Schwäbische Zeitung (Bad Waldsee / Aulendorf)
Treffen Trumps mit Putin auf der Kippe
Matthias Platzeck warnt in der Ukraine-Krise vor voreiligen Schritten
MOSKAU/KIEW (dpa) - Angesichts des Ukraine-Konflikts droht ein Treffen der Präsidenten Russlands und der USA zu platzen. Donald Trump drohte, ein Gespräch mit Wladimir Putin beim G20-Gipfel in Buenos Aires Ende der Woche abzusagen. Moskau geht davon aus, dass das Treffen stattfindet.
BERLIN - Petra Sorge befragte Matthias Platzeck (SPD), den Vorstandsvorsitzenden des Deutsch-Russischen Forums, zur sich ausweitenden Krise zwischen Russland und der Ukraine.
Herr Platzeck, angesichts der Eskalation vor der Schwarzmeerhalbinsel Krim werden die Forderungen nach weiteren Strafmaßnahmen gegen Russland lauter. Sollten die Sanktionen jetzt verschärft werden?
Was Bundeskanzlerin Angela Merkel jetzt tut, ist völlig richtig: Beide Seiten müssen zur Deeskalation aufgerufen werden. Leider bauen sowohl die Ukraine als auch Russland derzeit intensiv am gegenseitigen Feindbild. Die Ukraine steht zudem vor Präsidentschaftswahlen, das wirkt nicht entspannend auf die Situation. Eine Verschärfung der Sanktionen wird nichts zur Lösung beitragen. Es besteht eher die Gefahr, dass wir etwas tun, was hinterher nicht rückgängig gemacht werden kann.
Aus westlicher Sicht aber hat Russland die Provokation begonnen. Wie sollte man darauf reagieren?

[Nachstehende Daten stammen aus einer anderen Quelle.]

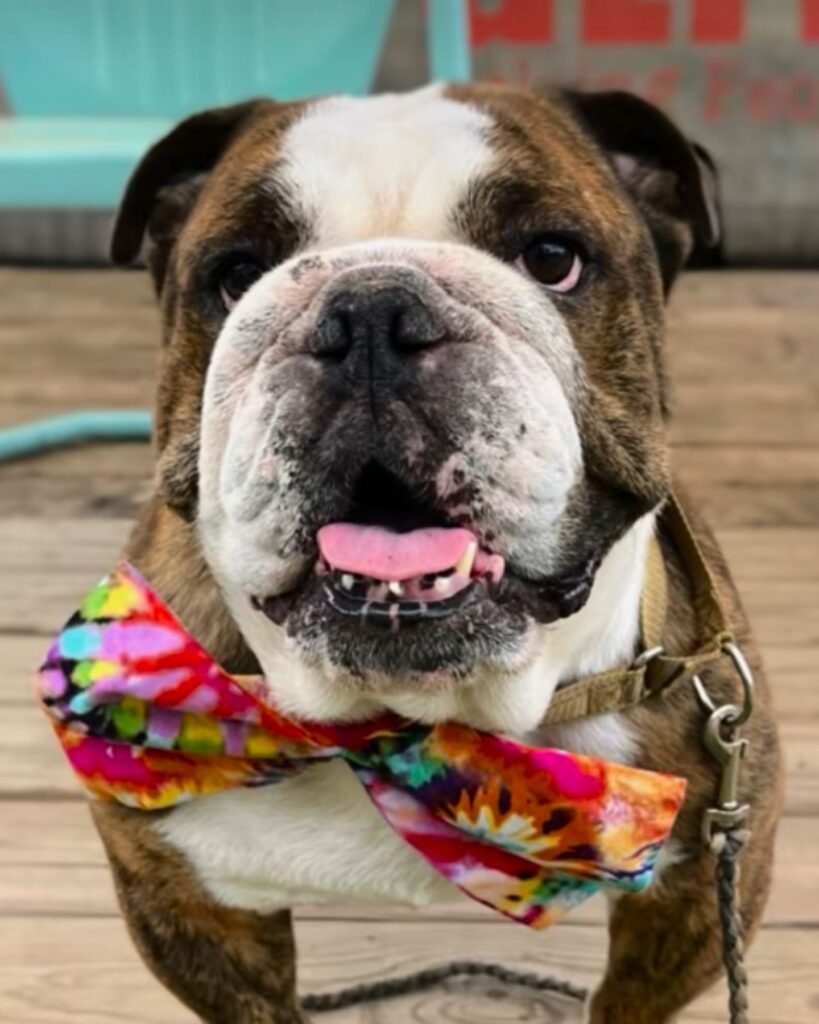 pit bull with a bow around his neck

Gegenfrage: Wenn wir uns die seit Jahren bestehenden Sanktionen anschauen – was hat sich durch sie denn positiv verändert? Die militärische Eskalationsgefahr ist eklatant gewachsen. Die Stimmung in Russland ist antiwestlicher und nationalistischer geworden. Die wirtschaftlichen Beziehungen haben gravierend gelitten. Bei den politischen Verhältnissen stehen wir vor einem Scherbenhaufen. Nichts hat sich verbessert.
Wie sollte die Staatengemeinschaft mit Russland umgehen?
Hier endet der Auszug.